Sarah Stewart Holland [00:19:22] My perspective on all sort of sibling differences is very unique because I don't have any siblings. I have half siblings that I didn't grow up with. They lived across the country. But I was saying to Griffin the other day, I was like, "Can you imagine what your confidence would be like if there was someone two years older than you, constantly telling you weren't quite up to snuff, which is what you do to Amos?" There's this constant thing of like, that joke is lame. That's not right. Don't tell a story that way. Like, just perpetual. Whereas, that eldest child energy is different. It's just different. And I told Nicholas this weekend-- Griffin was getting a lot of praise at camp, and I'm like, I have learned enough now to know not to get cocky based on the outcome of the eldest child, because they are just a different, different creature.  

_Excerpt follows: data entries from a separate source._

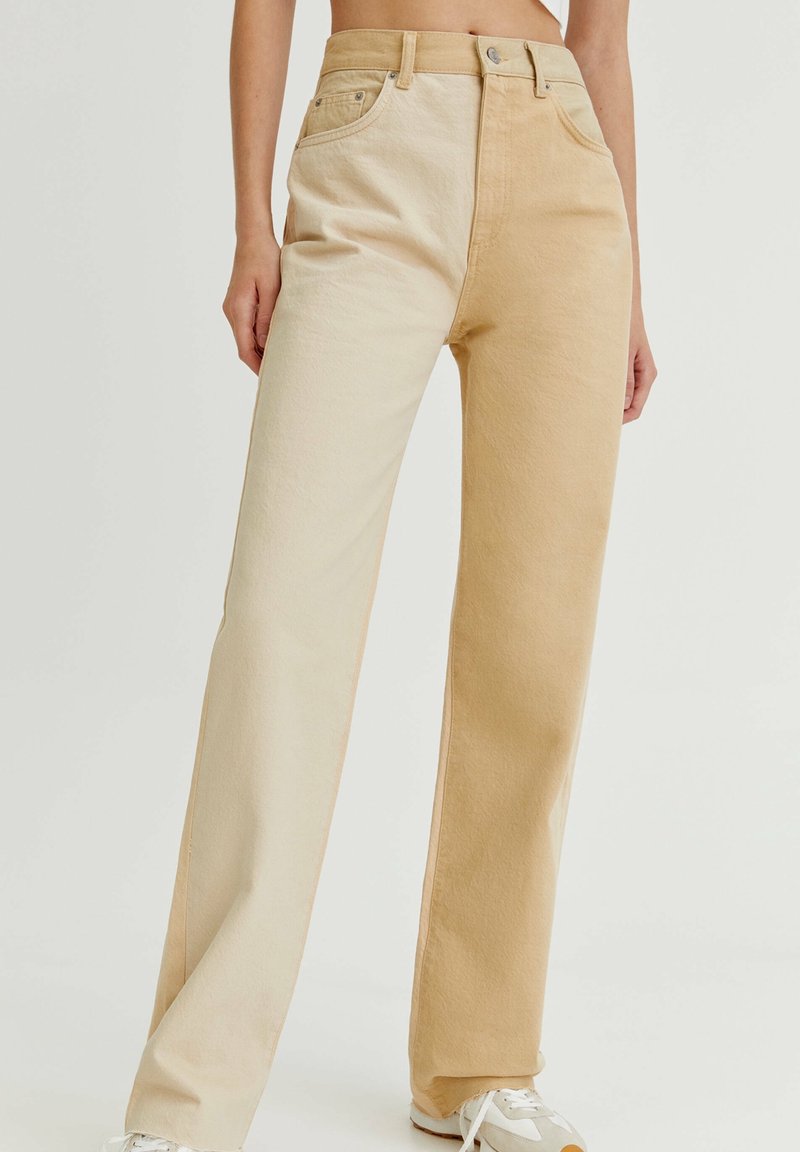 Femme portant un jean droit taille haute avec une jambe beige et l'autre couleur sable clair, associé à des baskets blanches.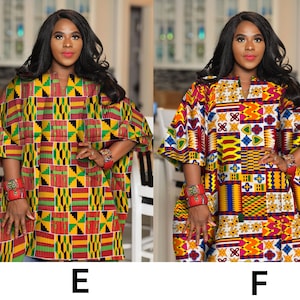 以下が含まれることがあります： Vネックのカラフルな模様の入った長袖シャツを着た女性2人。シャツは黄色、赤、緑、青、白の幾何学模様。シャツはゆったりとしたシルエットでリラックスしたスタイルです。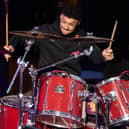 Alex Oxlade-Chamberlain accompanying Liverpool Lighthouse combined choirs, Love & Joy Gospel Choir & Lighthouse Choir, on drums. Image: Brian Roberts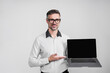 © be free - Business success. CEO manager businessman isolated on grey. Video conferencing. Successful business man using laptop. Businessman work online. Online marketing manager. Copy space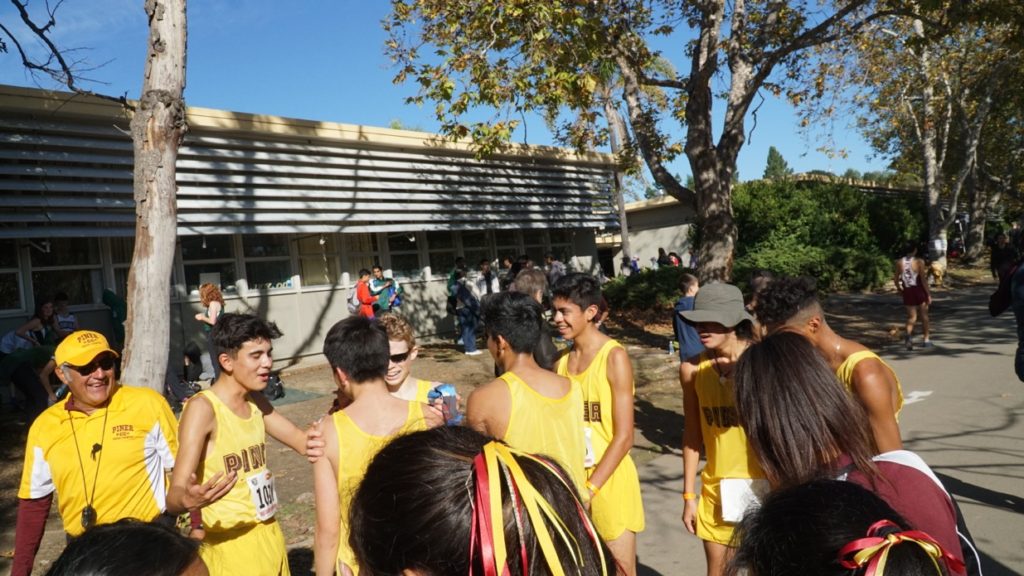 Athlete prepares for pole vault on a track with others watching.
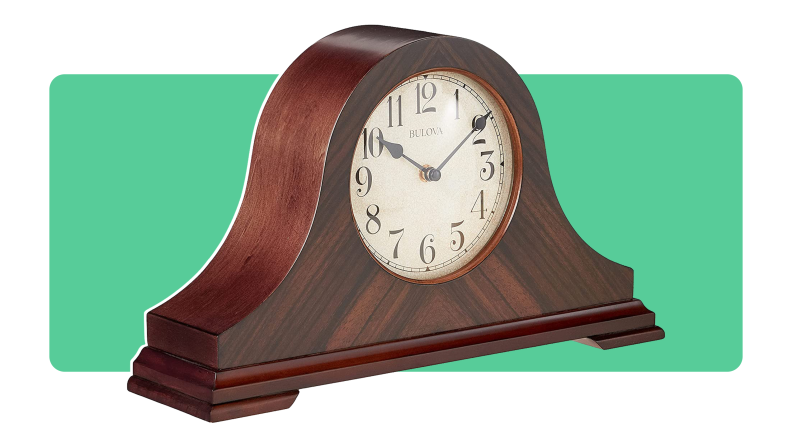 Product shot of the dark wooden clock from Bulova.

[00:20:07] And it sounds like it's sort of interesting because with the physical disability, it's almost like you're getting a little bit like an eldest child. You're getting to encounter these things for the first time. And I think it would be hard if you were encountering these for the first time, but it didn't feel like it. And I think that's really hard. And I just have to tell myself constantly that they are different individuals. And I think that's the sibling situation is the trap of this parenting narrative, that there's one right way to do it, that there's one thing you can learn that will crack it open, that once you understand developmentally what's going on, then you can do it the right way. Yeah, maybe for one kid. I think all parenting books are probably written for eldest children and only children. I don't think they offer a lot for middles and babies in my personal experience, but that might be my kid’s personalities.  

[00:21:03] It just feels like you have to relearn everything for every kid. Like, they're all so different. Griffin is just like me. And I think there's a narrative that parenting the one that is like you is harder. I don't find that to be true. I know how to speak to him because I know how to speak to myself. I've had a lot of practice. But Amos, who is very, very, very different from me, I find really perplexing and a real struggle to kind of get in his head and try to figure out what will work. And maybe I never will. Maybe this standard I've set for myself that as his mother I should understand him-- because that is something I had to let go with Felix because of his disability. I cannot know him the way that I would like to because I do not have that experience. It is not my disability, it is his. And I think as the parents of disabled children, we can adopt that identity in a way that's very unhealthy and can harm the relationship with the child.  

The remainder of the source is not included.